* **THE TASK**
Looking at the entries, how many lines hold the word "apply"? State the number by itself.
PROVIDED MATERIAL Start Marker
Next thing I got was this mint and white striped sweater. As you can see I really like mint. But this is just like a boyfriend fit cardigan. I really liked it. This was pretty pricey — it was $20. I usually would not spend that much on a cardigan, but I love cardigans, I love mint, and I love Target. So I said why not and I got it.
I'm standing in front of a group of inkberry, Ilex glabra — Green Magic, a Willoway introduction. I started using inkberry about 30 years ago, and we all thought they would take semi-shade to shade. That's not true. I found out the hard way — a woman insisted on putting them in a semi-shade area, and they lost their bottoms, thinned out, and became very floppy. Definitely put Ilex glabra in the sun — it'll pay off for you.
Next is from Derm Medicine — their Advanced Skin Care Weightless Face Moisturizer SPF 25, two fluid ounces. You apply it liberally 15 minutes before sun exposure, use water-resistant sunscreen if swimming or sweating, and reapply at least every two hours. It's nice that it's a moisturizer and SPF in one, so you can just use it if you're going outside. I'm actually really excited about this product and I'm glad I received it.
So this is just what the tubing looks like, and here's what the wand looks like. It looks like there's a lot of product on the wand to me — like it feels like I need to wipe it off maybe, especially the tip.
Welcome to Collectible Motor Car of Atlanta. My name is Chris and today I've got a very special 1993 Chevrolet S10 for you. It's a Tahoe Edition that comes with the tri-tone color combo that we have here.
PROVIDED MATERIAL End Marker
PROVIDED MATERIAL Start Marker
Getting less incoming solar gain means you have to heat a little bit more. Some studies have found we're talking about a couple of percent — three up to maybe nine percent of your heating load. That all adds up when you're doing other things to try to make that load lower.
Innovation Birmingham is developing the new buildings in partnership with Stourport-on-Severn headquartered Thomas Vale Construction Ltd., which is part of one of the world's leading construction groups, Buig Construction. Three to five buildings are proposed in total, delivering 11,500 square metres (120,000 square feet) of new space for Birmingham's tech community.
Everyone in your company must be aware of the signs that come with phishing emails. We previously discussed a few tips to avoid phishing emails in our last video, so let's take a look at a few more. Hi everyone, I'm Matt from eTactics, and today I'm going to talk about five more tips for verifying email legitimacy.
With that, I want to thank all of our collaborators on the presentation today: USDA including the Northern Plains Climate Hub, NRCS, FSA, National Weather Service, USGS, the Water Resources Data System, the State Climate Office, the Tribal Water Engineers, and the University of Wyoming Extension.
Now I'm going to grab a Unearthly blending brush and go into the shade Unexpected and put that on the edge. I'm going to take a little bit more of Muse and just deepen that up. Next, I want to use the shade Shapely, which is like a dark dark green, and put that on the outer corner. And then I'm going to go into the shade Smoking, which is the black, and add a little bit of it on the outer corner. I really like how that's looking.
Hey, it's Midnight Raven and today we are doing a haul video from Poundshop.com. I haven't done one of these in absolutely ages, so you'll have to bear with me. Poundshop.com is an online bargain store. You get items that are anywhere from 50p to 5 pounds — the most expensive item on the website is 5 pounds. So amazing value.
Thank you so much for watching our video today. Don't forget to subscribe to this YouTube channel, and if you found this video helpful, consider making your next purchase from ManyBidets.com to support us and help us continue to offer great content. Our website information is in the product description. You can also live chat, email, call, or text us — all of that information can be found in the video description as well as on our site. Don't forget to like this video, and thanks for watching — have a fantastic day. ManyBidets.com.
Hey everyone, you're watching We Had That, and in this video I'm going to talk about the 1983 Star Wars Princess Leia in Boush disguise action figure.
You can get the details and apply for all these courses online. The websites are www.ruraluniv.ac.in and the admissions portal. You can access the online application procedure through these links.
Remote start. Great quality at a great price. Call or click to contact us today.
PROVIDED MATERIAL End Marker
* **OUTPUT OF THE TASK**
2